Parallel bzip2 ang gzip: pbzip2 and pigz

Stuart_Rogers · September 11, 2022, 7:53pm

Do JuMP’s write_to_file and read_from_file use pbzip2 and pigz, parallel implementations of bzip2 and gzip, when writing or reading models stored in .bz2 and .gz compressed files?

https://jump.dev/JuMP.jl/stable/reference/models/#JuMP.write_to_file

https://zlib.net/pigz/

miles.lubin · September 11, 2022, 8:35pm

No, JuMP uses GitHub - JuliaIO/CodecZlib.jl: zlib codecs for TranscodingStreams.jl. and GitHub - JuliaIO/CodecBzip2.jl: A bzip2 codec for TranscodingStreams.jl., which in turn use the standard zlib and libbzip2.

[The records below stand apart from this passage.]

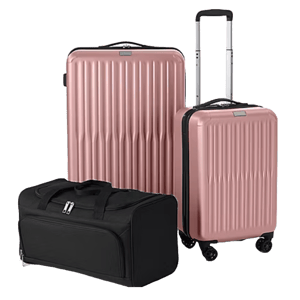 A luggage set featuring two pink hard-shell suitcases with spinner wheels and a black duffel bag.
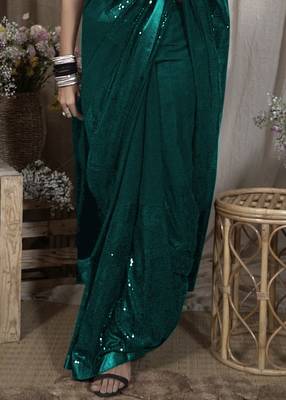 Designer Raama Georgette bollywood style sequence Saree with Blouse Fabric 2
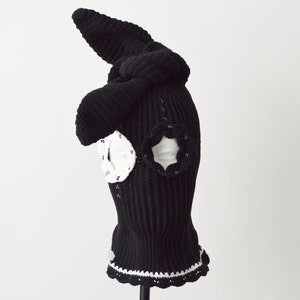 Bunny Knitted Balaclava Ski Mask Women Men Black Custom Crochet Cute ...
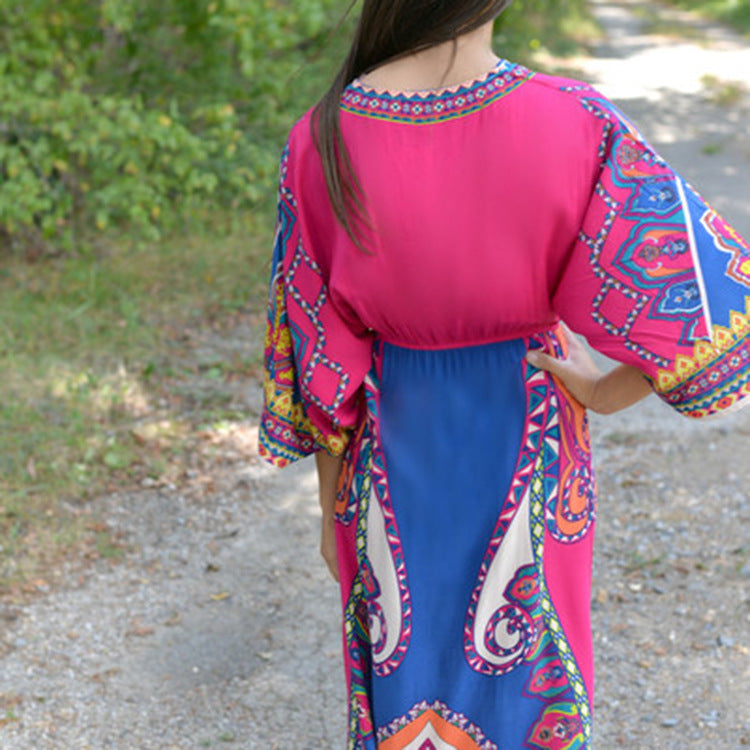 Boho Exotic Thailand Floral Printed Maxi Dress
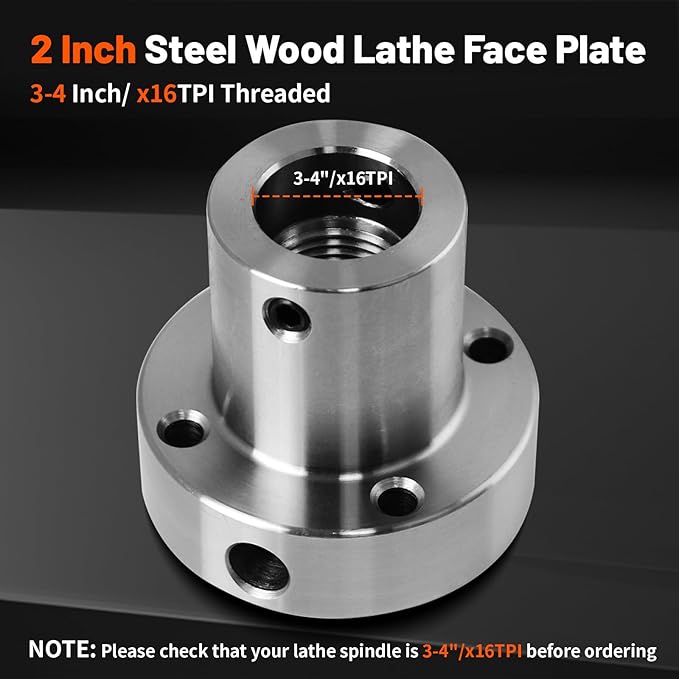 Wood Lathe Steel Faceplate 2" for 3/4" x 16TPI Spindle with Screwchuck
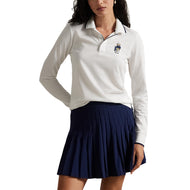 RLX Ralph Lauren Women's Tour Pique Bear Long Sleeve Polo - Keramik Putih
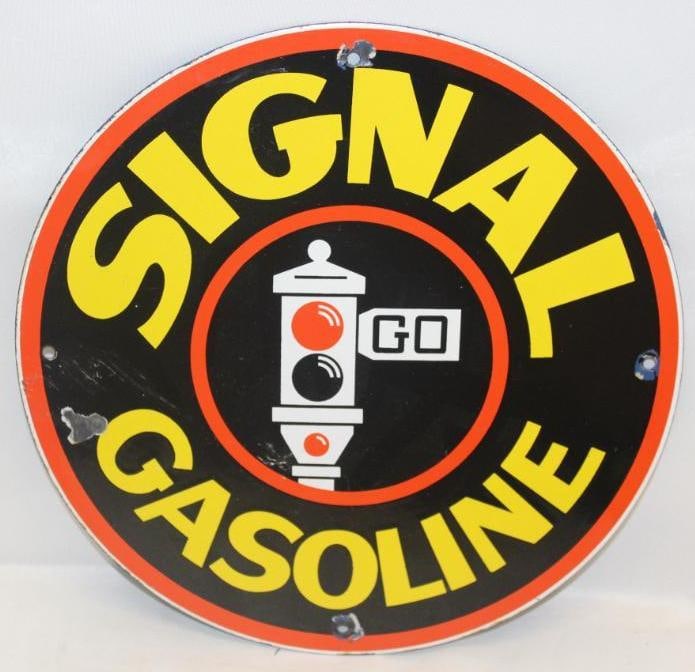 Signal Gasoline Porcelain Pump Plate Sign (1 of 5)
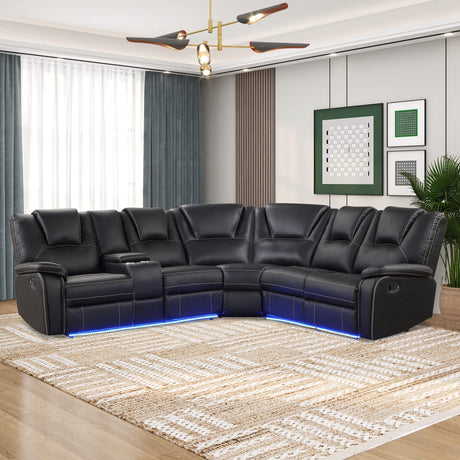 Favfurish 102.36" Home Theater Seating Seats, Movie Theater Chairs with Center Console with LED Light Strip,Living Room Furniture Set,PU Symmetrical Couch with 2 Cup Holders and Storage,Black Favfurish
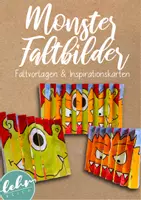 Vorschau - Mal- und Bastelvorlagen - Kunstprojekt / Monster Faltbilder und Inspirationskarten - Deckblatt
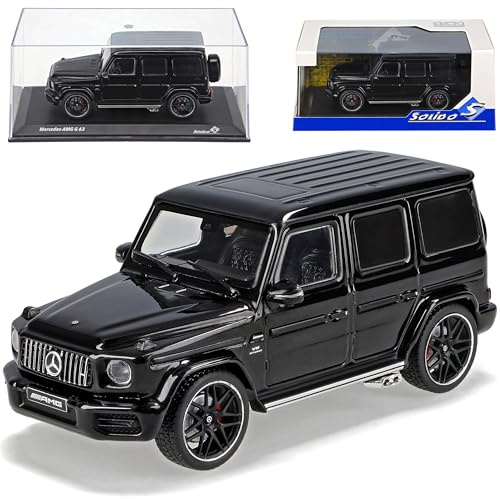 alles-meine.de GmbH Mercedes-B G-Klasse G63 AMG W464 Obsidian Schwarz Metallic Neue Generation Ab 2022 1/43 Solido Modell Auto mit individiuellem Wunschkennzeichen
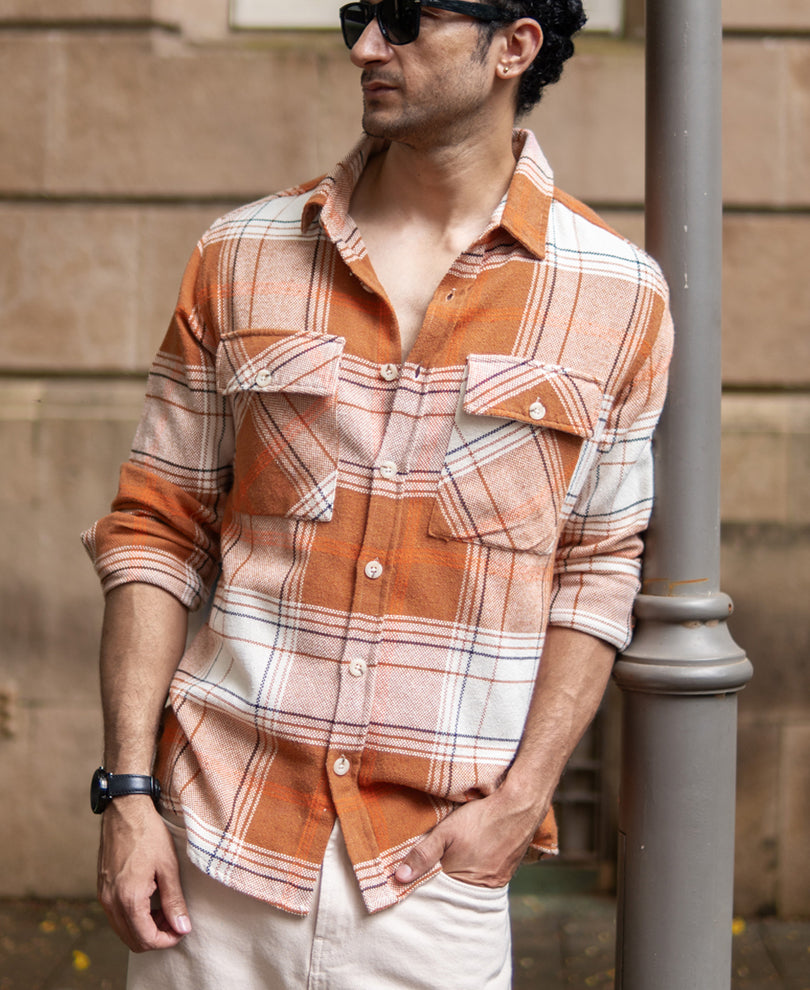 Rust Structured Checked Shirt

Stuart_Rogers · September 11, 2022, 9:01pm

pbzip2 and pigz ought to be much faster than bzip2 and gzip since they utilize multiple cores through multithreading. Are there plans for TranscodingStreams.jl to use pbzip2 and pigz instead?

odow · September 11, 2022, 9:12pm

No plans. Is the speed of writing our your file a bottleneck?

GunnarFarneback · September 12, 2022, 8:44am

For what it’s worth, gzip decompression is not very amenable to parallellization. (Compression is a different story.)

Stuart_Rogers · September 12, 2022, 6:54pm

My workflow is:

Construct the LP model in JuMP: 37 minutes.
Write the LP model to a MPS file using JuMP.write_to_file: 100 minutes.
Using 24 threads, presolve with PaPILO, solve with PDLP (1e-4 relative tolerance), postsolve with PaPILO: 145 minutes (PDLP takes 140 minutes to solve the presolved model).

Writing the MPS file takes 35% of the overall time. Writing a compressed MPS.GZ file takes about the same amount of time, but the compressed MPS.GZ file (1.2 GB) is 11% the size of the uncompressed MPS file (11 GB).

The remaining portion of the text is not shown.